Vem ganhando espaço nas peças jurídicas de uma forma geral o uso de elementos visuais e gráficos, que vêm sendo explorados por defensores que estão familiarizados com o visual law, que é um dos pontos estudados dentro do legal design. Trata-se de forma interessante e diferente de apresentar argumentos jurídicos, inovando no meio de entrega da informação já contida no curso do processo, saindo um pouco do formalismo estrutural dos "fatos-fundamentos-pedido", com a intenção de esclarecer pontos controversos e de facilitar a compreensão dos julgadores e seus assessores, sempre assoberbados com o acúmulo processual e com pouco tempo de fazer uma leitura mais alentada de todos os casos que vão a julgamento.

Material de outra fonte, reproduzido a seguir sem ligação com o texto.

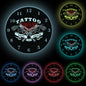 Tattoo Logo Wall Clock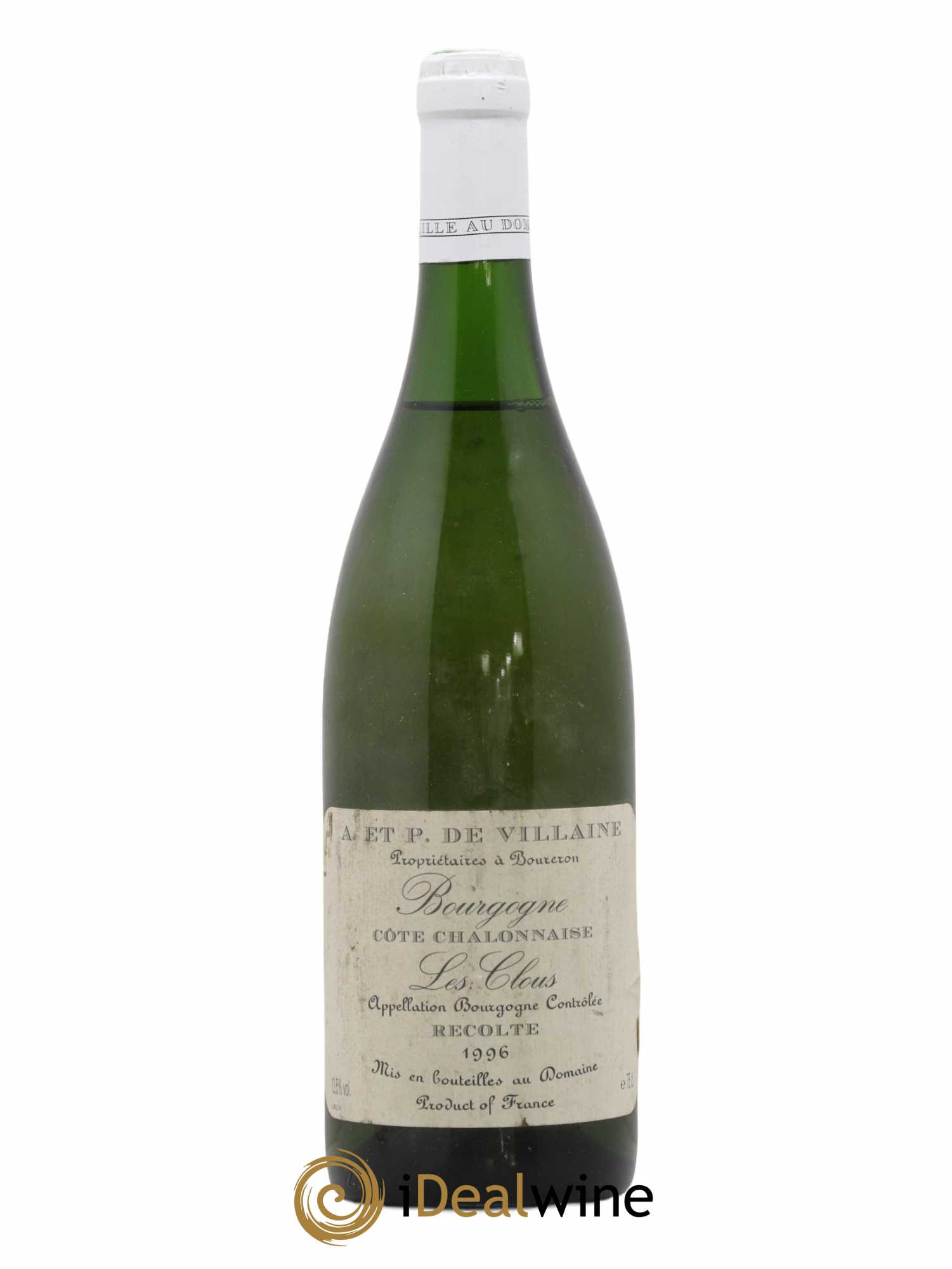 Bourgogne Côte Chalonnaise Les Clous A Et P De Villaine 1996 - Lot de 1 bouteille - 0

Embora com menos intensidade, a utilização de vídeo como forma de complementar os memoriais escritos, disponibilizando-se na peça o link de acesso por QR Code, endereço no YouTube ou em qualquer outra plataforma de vídeo ou de hospedagem de arquivos em nuvem. Cuida-se de excelente meio de serem apresentados os argumentos pelo provimento ou não provimento do recurso, ou pela concessão da ordem de Habeas Corpus, pelo que se recomenda a mesma parcimônia, síntese e objetividade da peça escrita, produzindo-se um vídeo de três minutos, no máximo.
Para além das inovações visuais, gráficas e tecnológicas que possam existir na peça de natureza extraordinária nominada de memoriais escritos, há uma questão que surge na prática recursal, decorrente da substituição de defensores que atuaram na primeira instância e apresentaram razões ou contrarrazões (ou mesmo na impetração do Habeas Corpus) por outros que passam a atuar a partir da apresentação das razões ou contrarrazões recursais (ou mesmo na sustentação oral do Habeas Corpus).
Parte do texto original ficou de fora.